If it had been a cartoon show, you would have seen a cudgel in her hand going “bam, bam, bam” on the Republican governor’s head.
There was more. She compared Gibbons unfavorably to Democratic Gov. Bob Miller and Republican Gov. Kenny Guinn, saying they worked “collaboratively, quickly and strongly.”
“This governor has rarely consulted the Legislature,” she said. Was that contempt I heard in her voice?
Then she reminded viewers of just two of his most recent inconsistencies. He told lawmakers one day he would not call a special session, then called one the next day. He indicated he had no plan to meet the budget shortfall, and then said he had a 21-point plan. And once he had it, he never shared it with the legislators until late Friday.

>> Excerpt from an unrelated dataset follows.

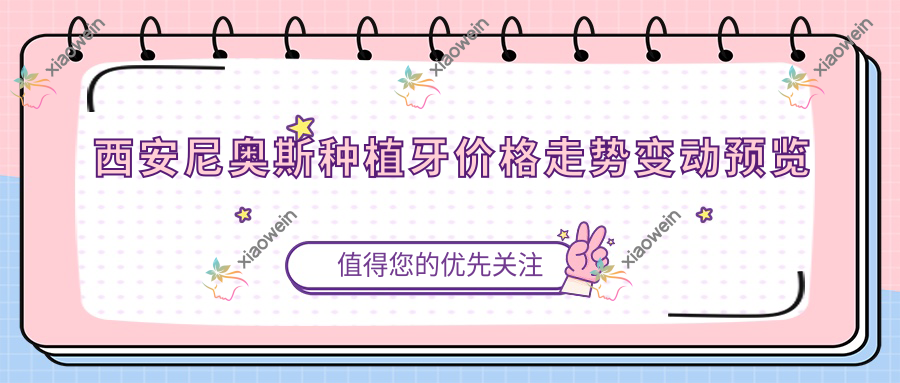 西安尼奥斯种植牙价格走势变动预览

Her choice of language was significant. When it comes to finding the solutions to balance the state’s budget by cutting $275 million more, Buckley said, “Your Legislature is ready and able to face this difficult issue. We will balance the budget and make gut-wrenching decisions necessary to meet our state’s financial obligations.”
She spoke as if the governor were irrelevant.
From her carefully prepared remarks, it’s clear Buckley is girding her loins to run for governor in 2010. “This governor ignores plummeting revenues, sagging employee morale and dissatisfied customers and avoids any level of accountability,” she said, days after he labeled her a moron for saying he called the special session to divert attention from his personal problems.
Buckley said the 2009 session will be the most important in the state’s history, and she vowed to overhaul the state’s tax structure. (Now I heard that in 1987 from Speaker Joe Dini, and no tax overhaul ever happened, so I must admit some doubts.)
She said that “those who agree that our system is broken can work together with me to, once and for all, make meaningful change.” It sounded like she was sending the message to anybody interested in revenue sources that they should work with her and bypass Gibbons altogether.
Buckley has set a high bar for herself for the 2009 session, which starts in just seven months.
Contrast that with the bar set in the 10-minute speech by the governor, who first told us what he won’t do.
He won’t raise taxes.
He won’t agree to cut the 4 percent cost-of-living raises for teachers and state employees, even though that could prevent layoffs. Better to pander to the many at the expense of smaller numbers who could lose their jobs. Of course, this is another example of the governor who can’t make up his mind. He favored cutting COLAs a few weeks ago.
He won’t agree to cutting $47 million for new textbooks, even though it might prevent layoffs.
He won’t agree to cutting signing bonuses for teachers.
Finally, he mentioned a handful of things he wanted to do. He wanted the Legislature to reduce the operating budgets of state agencies by $128 million, or another 4 percent. But he didn’t want them to make the cuts to education or health and human services. He left it in the hands of lawmakers how to do that.
And he wanted them to delay transportation projects and use money from other sources, including the public health trust fund, unclaimed property, disaster relief and a tax amnesty fund.
One idea I heard from the governor that I agreed with completely was to allow state agencies greater flexibility to move money around in their various accounts.
When the cuts are finalized, we’ll see how much of Gov. Gibbons’ plan was approved, or if he has become as irrelevant as Speaker Buckley made him sound in her war cry.